Eye rolls, furrowed brows, confused expressions, rude comments. I've seen and heard it all when it comes to explaining my life as a communications major.
As I am nearing graduation in a little more than two months, I have completely had it with what others have to say about my choice in studies. I have been thoroughly analyzing what it is that I am studying and all that I can do with it.
Sure, I may not have a "career path" unlike you education, science, or business majors with the next five years of my life mapped out for me, but honestly my options are nearly endless. I certainly cannot tell you what I'll be doing after graduation, but that's the fun part.
Here are a few things I have encountered over the four years of my studies:
"So, what can you even do with that major?"
Anything. Literally....a n y t h i n g. From public relations to advertising, to journalism, to event planning, to broadcasting, to film. Anything that requires communicating whether it be visually, verbally, digitally, I could probably tackle it better than you can.
"You're not planning on going to grad school!?"
For the time being, no. If I network properly, show dedication, excel in areas on my own, why drown in more debt than I need to? However, if I absolutely must receive my masters I have no problem going back to school. I do not feel that is completely necessary, though.

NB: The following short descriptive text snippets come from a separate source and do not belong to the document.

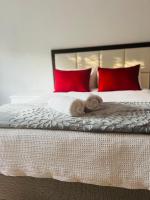 B&B Durban - Modern Luxury 3 bedroom house - Bed and Breakfast Durban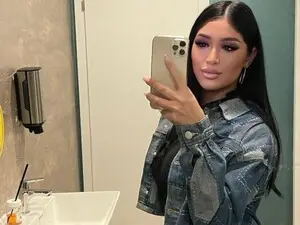 Myfreecams Sex Chat of Kira_Krush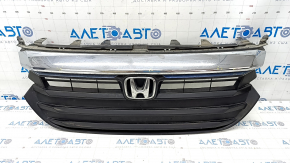 Radiator grille Honda Insight 19-22 complete with emblem, sand, bumps, scratches, crack in fastening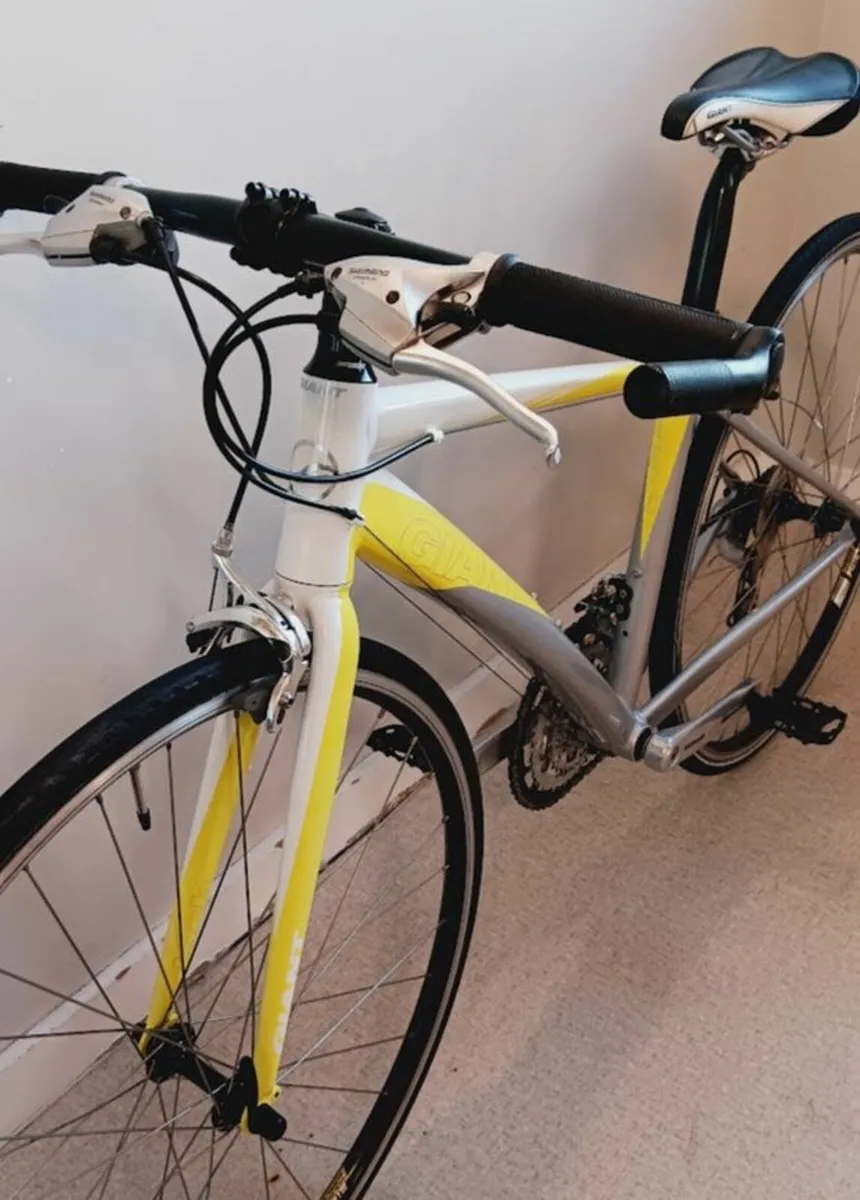 Ladies giant dash bike in great condition - Image 4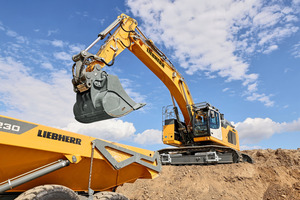  2	The R 9XX H2 is the first Liebherr excavator powered by a hydrogen combustion engine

"All you do is learn to speak."
Yep, you're right. That's exactly what I've been doing for the past four years at a university. Ummmm, hello?! Communication is not just speaking. We are now in a digital age where everything is online. When speaking to the general public it should be around a 6th grade level with lots of visuals. Tweets are only 140 characters. How do you think big companies communicate through a tweet effectively? Communication studies.
"Your major is so easy."
You right, you right. Reading communication theories linked to psychology, philosophy, and rhetoric, then writing page after page in APA style trying to explain everything in my own words, while relating it to real world situations is so easy I could do it in my sleep. How about you read A Thousand Plateaus by Deleuze and Guattari, then tell me what they're talking about.